Items listed in a dataset:
= = = = =

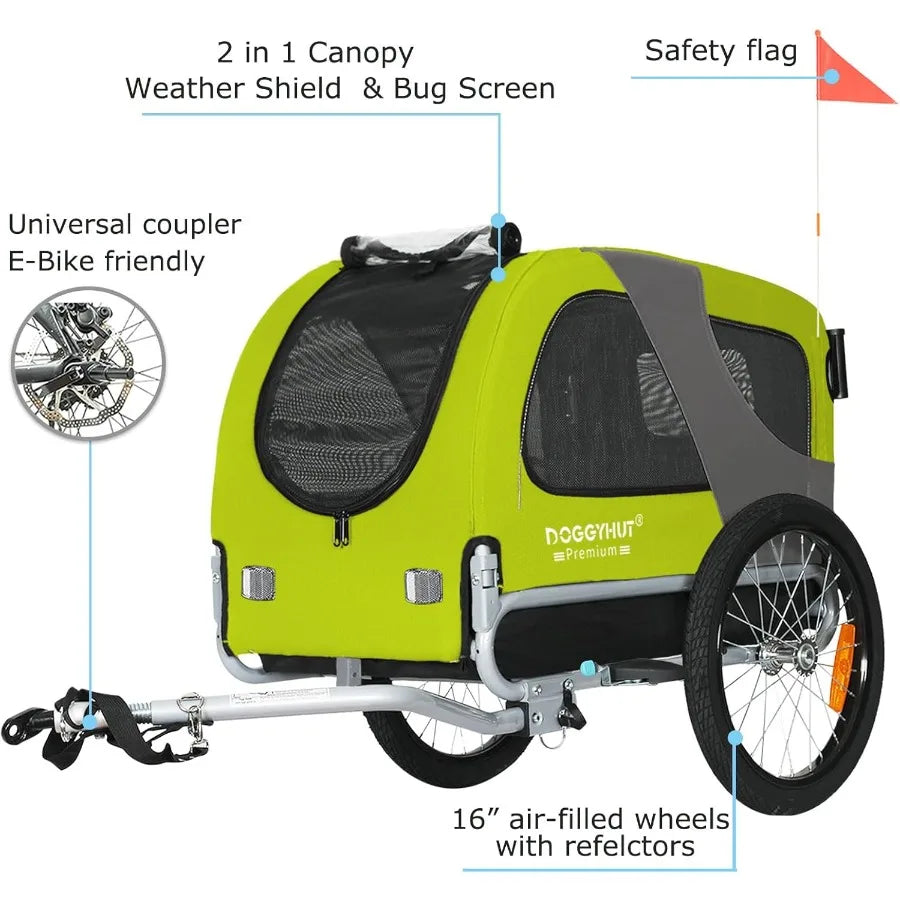Premium M Pet Bike Trailer Stroller 2in1for Dogs up to 50 lbs Parking Brakes Easy Folding Cart Frame Universal Bicycle Coupler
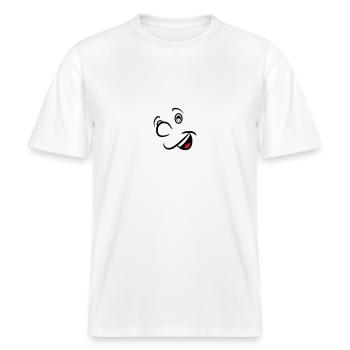 funny face -  RELAXED FIT Unisex Organic T-Shirt - white - Front - Alina (178cm) & Michal (187cm)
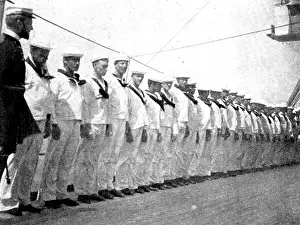 The Spanish-American War: American naval and military types - crew drawn up for inspection, 1898. Creator: Unknown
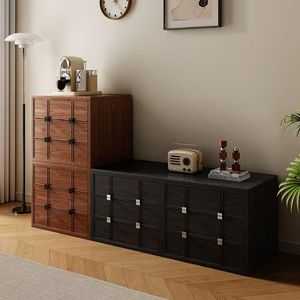 Meuble TV vintage <span class=keywords><strong>Carmen</strong></span> en bois massif pour salon, module de rangement antique, armoire de sol avec portes DIY - Product Image 5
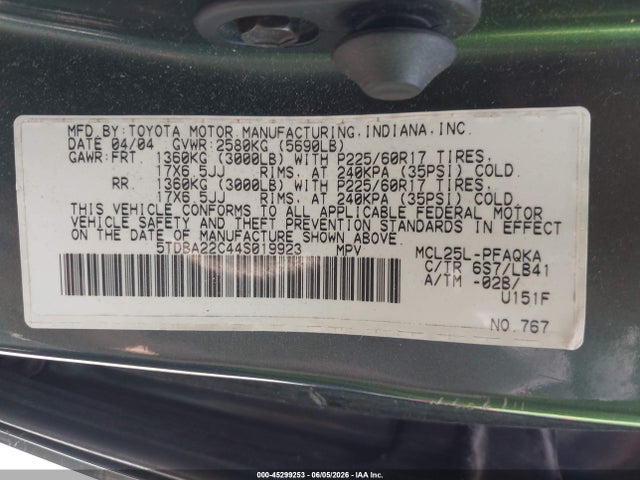 Продаж на аукціоні авто 2004 Toyota Sienna Xle Limited, vin: 5TDBA22C44S019923, номер лоту: 45299253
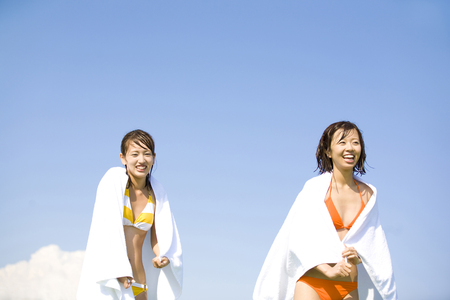 Women swimsuit that wind the bath towel on the bodyの写真素材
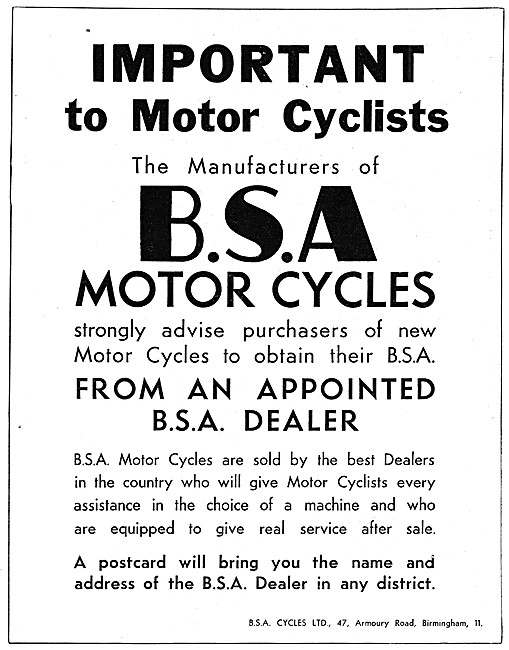 1936 BSA Motor Cycles Advert                                     
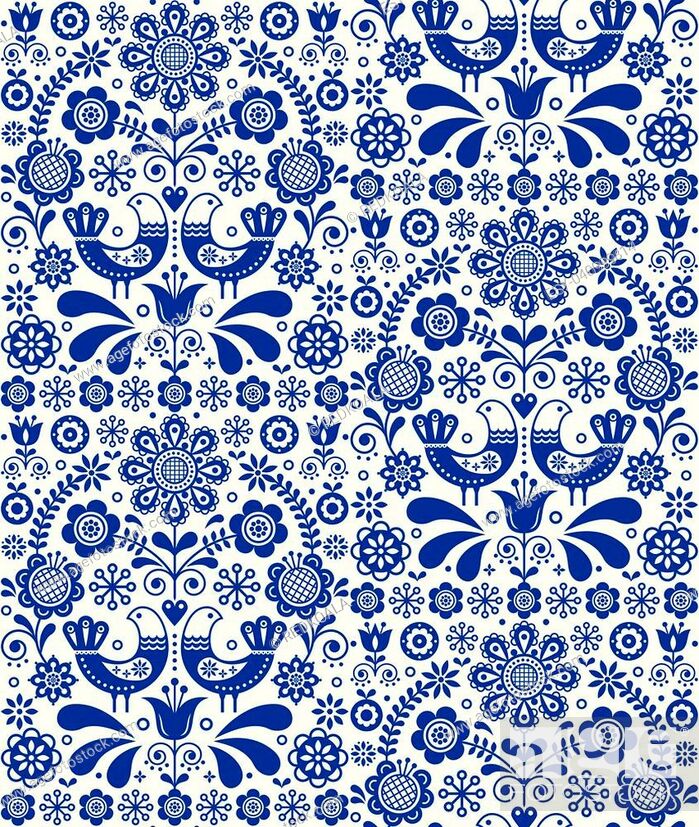 Decorative Floral Ethnic Wallpaper, Retro Textile Design - Folk Art , HD Wallpaper & Backgrounds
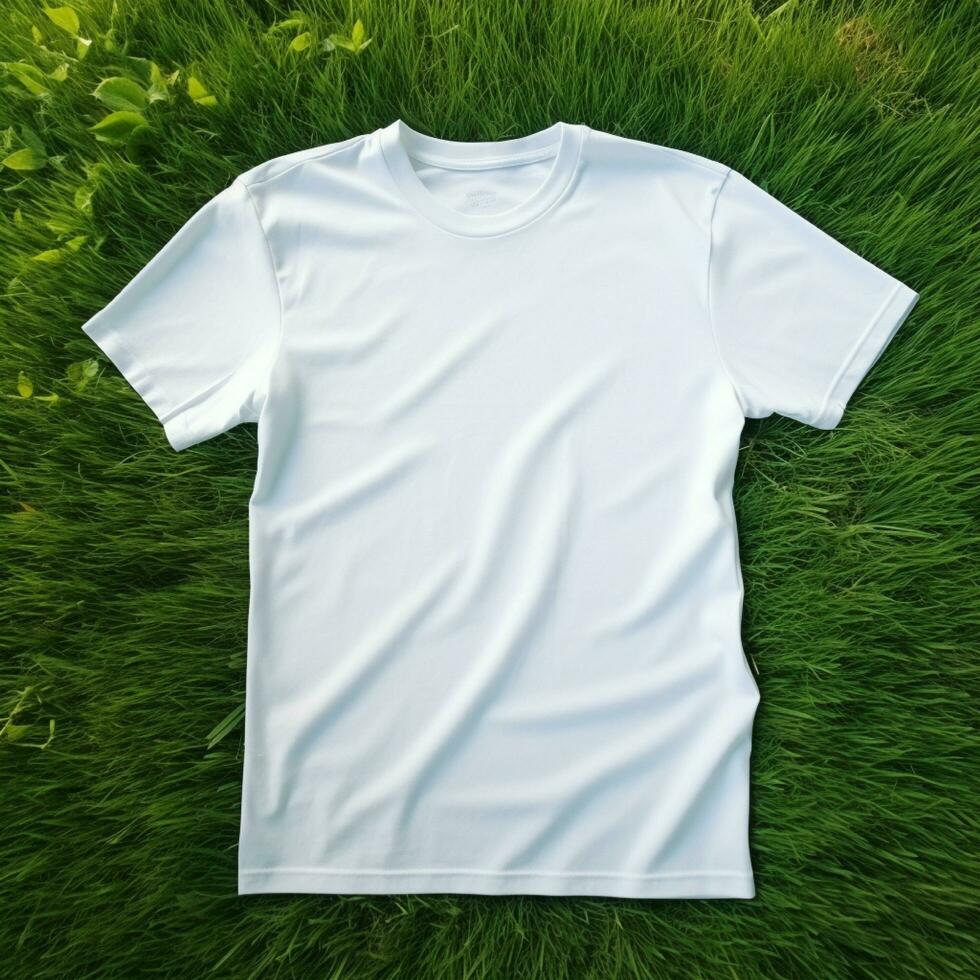 AI generative High quality of Blank white t-shirt on the green grass, perfect for mockup preview photo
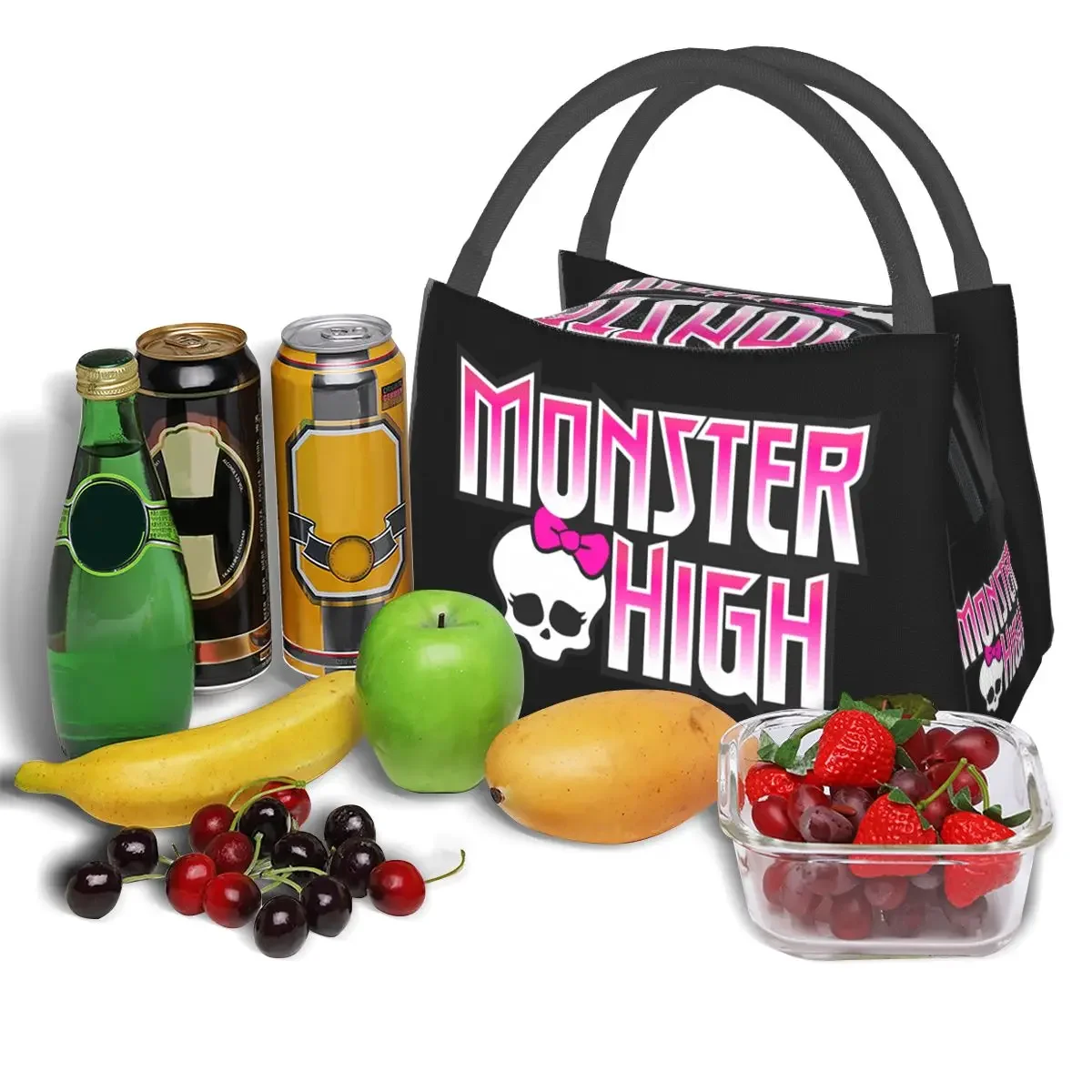 Monster High Doll Pretty Pink Pattern Lunch Bags isolato Bento Box Lunch Tote Picnic Bags Cooler Thermal Bag per donna Travel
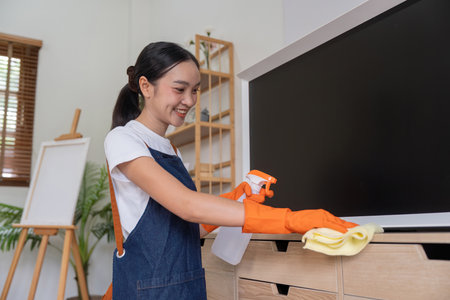 Asian young housekeeping or maid cleaning at home, Cleaning home conceptの写真素材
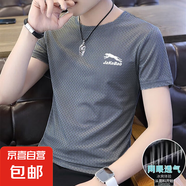 冰絲速干t恤2025春夏季男士短袖網(wǎng)眼運動半袖男款跑步上衣服圓領(lǐng) 網(wǎng)眼短袖【豹子款】深灰 2XL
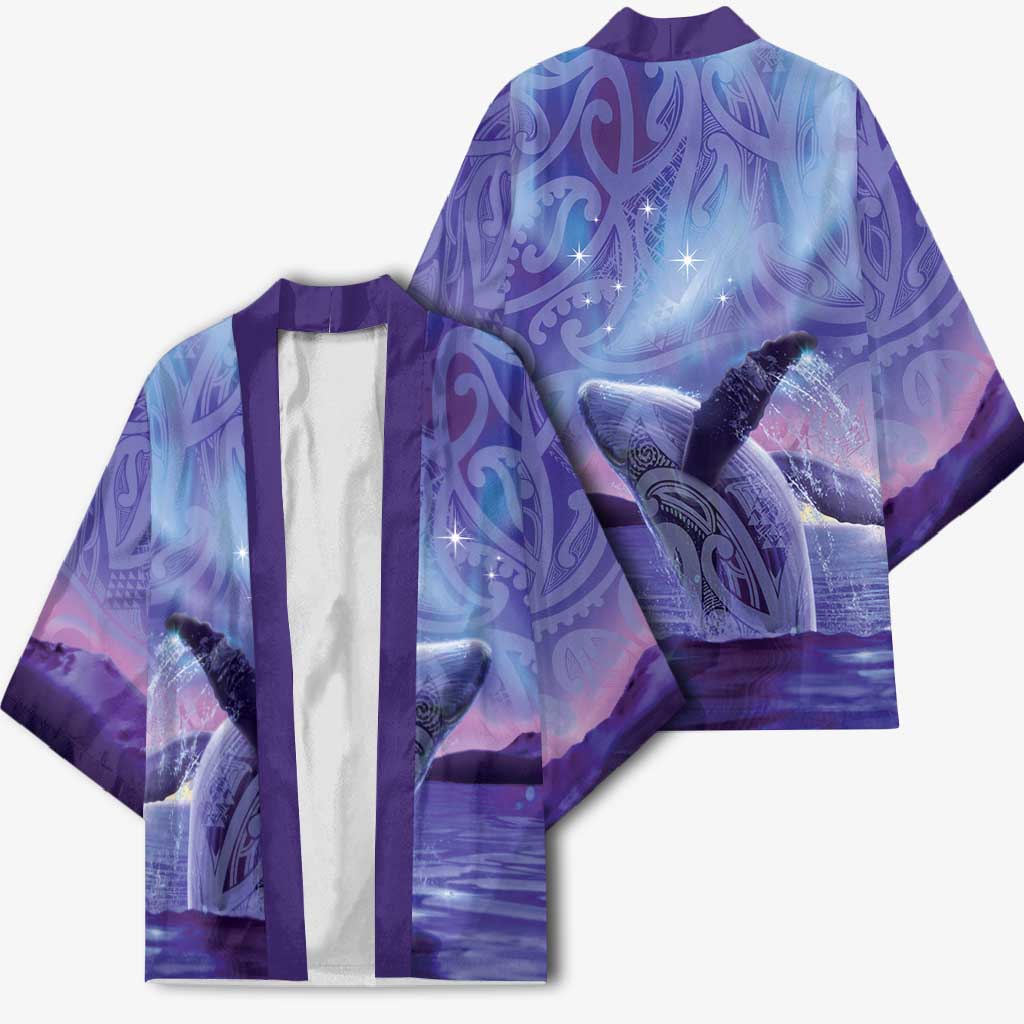 New Zealand Matariki Humpback Whale Kimono Paikea Maori New Year Purple Galaxy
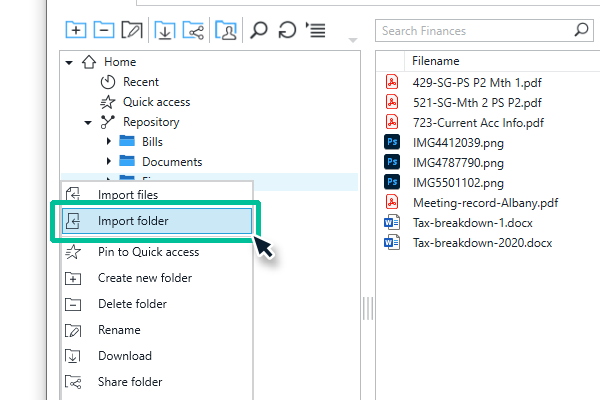 Select a GhostVolt directory, right-click and select Import Files or Import Folder.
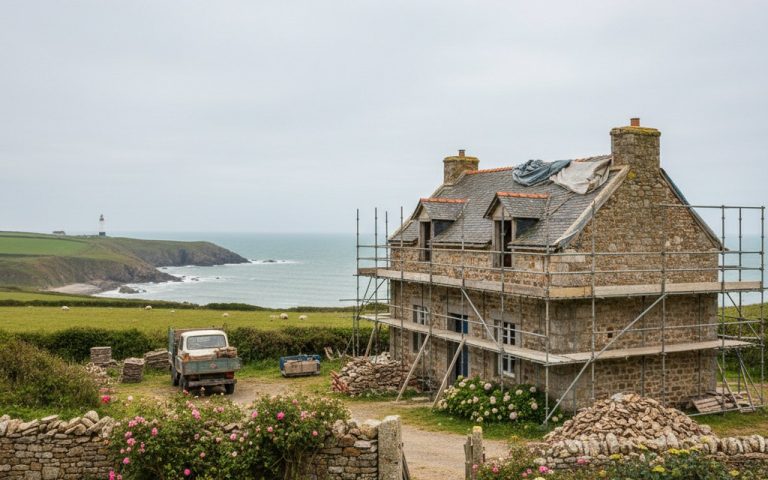 Petite maison en bord de mer en Normandie, avec des éléments de rénovation visibles.
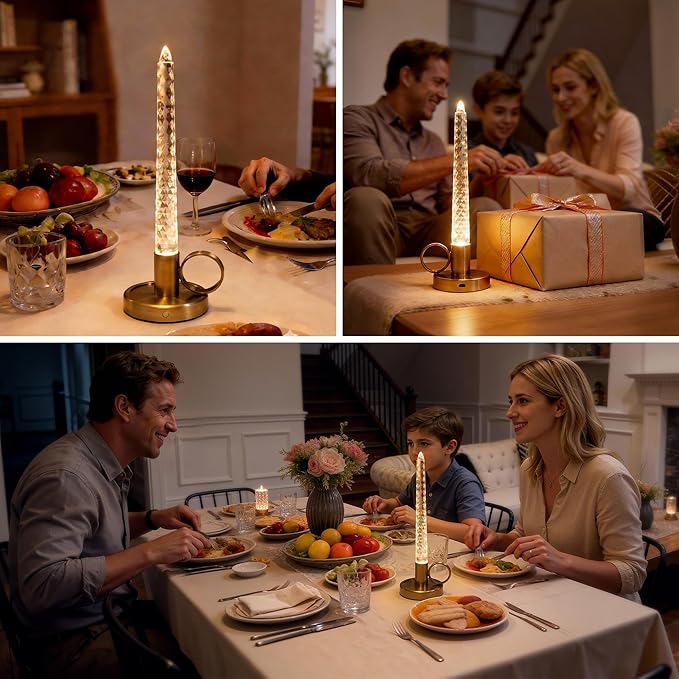 L LOHAS LED Flameless Candles, Brightness Adjustable, Rechargeable Battery Candles, Soft White, Crystal Metal Pillar Candles for Valentines Anniversary Wedding Christmas Decorations 3.54"x2.95"x10"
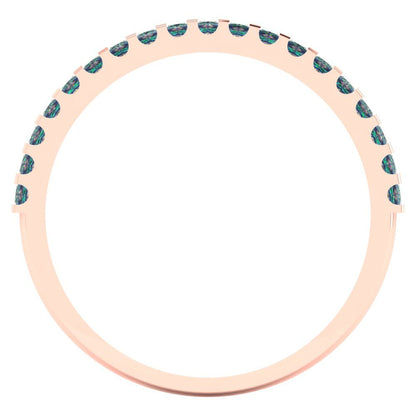 0.285 cttw Blue Moissanite Princess Cut Rose Gold Eternity Wedding Band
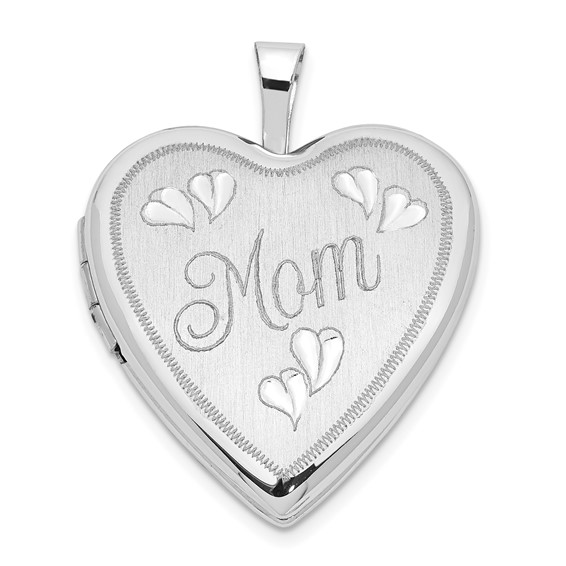 14k White Gold Mom with Hearts Heart Locket 3/4in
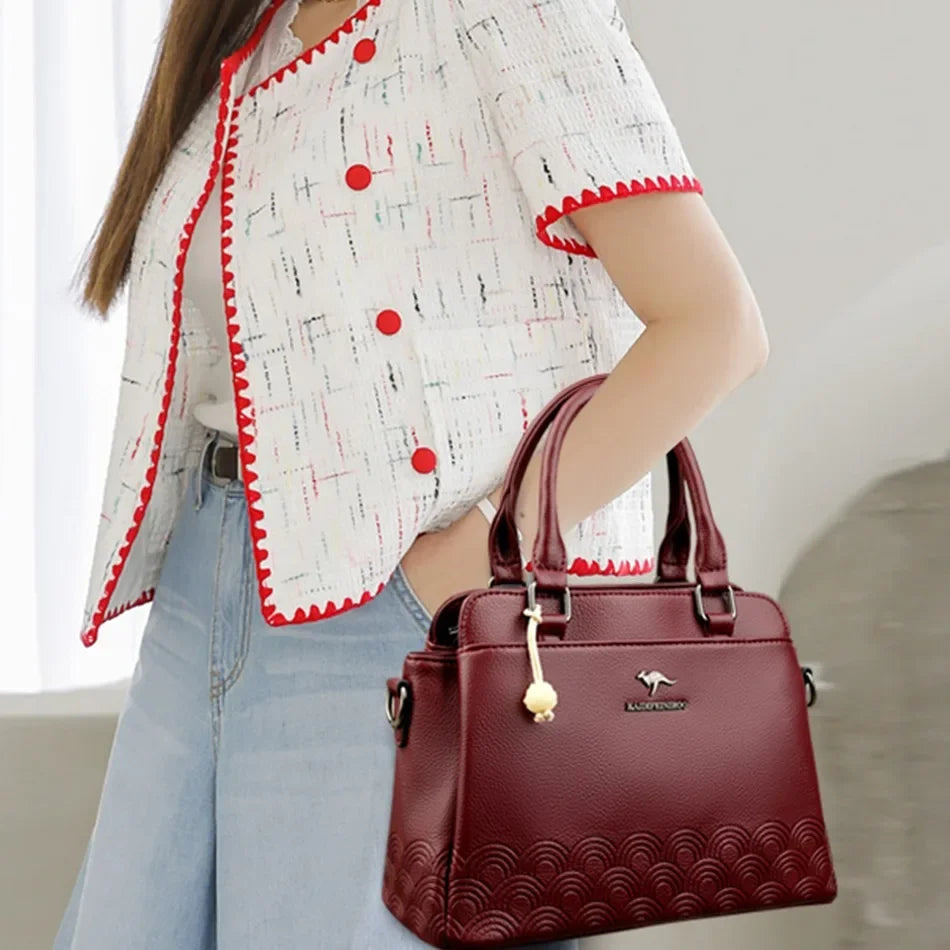 Borsa a tracolla in pelle morbida per donna, borsa a spalla di lusso con alta capacità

= = = = =

WHAT IS BEING ASKED: Skip every picture. Repeat word for word the lines from the line holding "Select a GhostVolt" through the end of the entries above.

YOUR SOLUTION:
 Select a GhostVolt directory, right-click and select Import Files or Import Folder.
 Petite maison en bord de mer en Normandie, avec des éléments de rénovation visibles.
 L LOHAS LED Flameless Candles, Brightness Adjustable, Rechargeable Battery Candles, Soft White, Crystal Metal Pillar Candles for Valentines Anniversary Wedding Christmas Decorations 3.54"x2.95"x10"
 0.285 cttw Blue Moissanite Princess Cut Rose Gold Eternity Wedding Band
 14k White Gold Mom with Hearts Heart Locket 3/4in
 Borsa a tracolla in pelle morbida per donna, borsa a spalla di lusso con alta capacità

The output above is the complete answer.